Saturday night, I saw
Jade Esteban Estrada in
"Chek It, Baby,"
a one-man gay cabaret which fancifully interprets the great Russian
playwright Anton Chekhov’s four masterpieces,
"The Seagull,"
"Uncle Vanya,"
"The Three Sisters," and
"The Cherry
Orchard," through the lens of a one-man gay cabaret.

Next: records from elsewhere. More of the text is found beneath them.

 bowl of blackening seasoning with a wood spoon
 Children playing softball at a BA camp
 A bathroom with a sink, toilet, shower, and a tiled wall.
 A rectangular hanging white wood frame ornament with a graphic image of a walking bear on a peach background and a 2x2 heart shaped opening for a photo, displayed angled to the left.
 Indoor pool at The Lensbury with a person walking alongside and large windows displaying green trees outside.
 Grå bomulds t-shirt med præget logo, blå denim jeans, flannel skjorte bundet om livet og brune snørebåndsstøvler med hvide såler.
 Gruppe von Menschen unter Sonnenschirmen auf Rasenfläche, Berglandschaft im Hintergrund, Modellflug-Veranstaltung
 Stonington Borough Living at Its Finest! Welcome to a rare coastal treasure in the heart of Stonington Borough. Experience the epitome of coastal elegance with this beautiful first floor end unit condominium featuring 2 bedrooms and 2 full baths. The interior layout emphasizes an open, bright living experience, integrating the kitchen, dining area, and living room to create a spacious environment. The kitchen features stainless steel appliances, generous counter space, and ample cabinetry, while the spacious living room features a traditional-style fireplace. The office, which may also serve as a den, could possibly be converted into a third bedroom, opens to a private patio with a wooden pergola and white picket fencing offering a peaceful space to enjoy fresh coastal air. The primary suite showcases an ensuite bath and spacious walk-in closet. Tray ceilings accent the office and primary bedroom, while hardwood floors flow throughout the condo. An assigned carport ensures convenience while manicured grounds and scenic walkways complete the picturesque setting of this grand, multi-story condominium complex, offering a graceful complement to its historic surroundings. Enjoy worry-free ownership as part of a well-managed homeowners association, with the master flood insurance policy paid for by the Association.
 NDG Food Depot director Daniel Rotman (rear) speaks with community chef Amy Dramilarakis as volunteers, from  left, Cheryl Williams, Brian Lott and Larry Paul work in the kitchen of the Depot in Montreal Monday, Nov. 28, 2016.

It was the big opener to the 2008 Twin Cities Chekhov Festival, a
heroic theater weekend at the Byrant-Lake Bowl, featuring sixteen
theater companies “breathing new life into the work of Anton Chekhov
through inspired interpretations, inventive adaptations and original
multi-disciplinary performance.”
Okay, I really don’t have anything against
Estrada, whom the
Topeka Capitol-Journal calls “one of the finest American solo
theatre artists of the twenty-first century.” And I don’t have
anything against the other souls sitting in the Bryant-Lake Bowl’s
theater space, all of whom, based on where and when they laughed
during the show, must have been huge Chekhov freaks, and most of
whom, based on my extensive eavesdropping, spoke fluent Russian. No,
I’m just feeling sorry for myself for going to experimental gay
cabaret with millions of inside Chekhov jokes—and getting most of
them.
What the hell is happening to me?
Estrada came out to this techno
music, making these surreal hand gestures, with his hair waxed into
three dramatic spikes, a face full of clown makeup, flashing this
gigantic grin. It was like somebody crushed a handful of Adderall
into John Leguizamo’s applesauce. He started out by doing a skit
that re-set Chekhov’s "The Three
Sisters" on a "Maury"-esque
daytime talk show. I laughed at Natasha as an entitled lower-class
striver because people like her are actually on "Maury" all the time.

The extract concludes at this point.